#### WORK INSTRUCTIONS
Each entry should appear in the answer exactly as written.

#### THE DATA
=== Begin Enclosure ===

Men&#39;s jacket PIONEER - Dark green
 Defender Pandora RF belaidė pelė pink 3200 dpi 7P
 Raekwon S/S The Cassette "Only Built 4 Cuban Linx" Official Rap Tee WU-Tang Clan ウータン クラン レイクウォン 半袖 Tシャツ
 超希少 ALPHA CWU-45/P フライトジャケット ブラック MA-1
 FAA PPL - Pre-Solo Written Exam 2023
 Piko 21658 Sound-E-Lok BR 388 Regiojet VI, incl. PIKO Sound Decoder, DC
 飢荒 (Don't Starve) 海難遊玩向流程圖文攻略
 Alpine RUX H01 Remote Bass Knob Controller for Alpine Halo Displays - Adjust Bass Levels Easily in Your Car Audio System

=== End Enclosure ===

#### YOUR SOLUTION
Men&#39;s jacket PIONEER - Dark green
 Defender Pandora RF belaidė pelė pink 3200 dpi 7P
 Raekwon S/S The Cassette "Only Built 4 Cuban Linx" Official Rap Tee WU-Tang Clan ウータン クラン レイクウォン 半袖 Tシャツ
 超希少 ALPHA CWU-45/P フライトジャケット ブラック MA-1
 FAA PPL - Pre-Solo Written Exam 2023
 Piko 21658 Sound-E-Lok BR 388 Regiojet VI, incl. PIKO Sound Decoder, DC
 飢荒 (Don't Starve) 海難遊玩向流程圖文攻略
 Alpine RUX H01 Remote Bass Knob Controller for Alpine Halo Displays - Adjust Bass Levels Easily in Your Car Audio System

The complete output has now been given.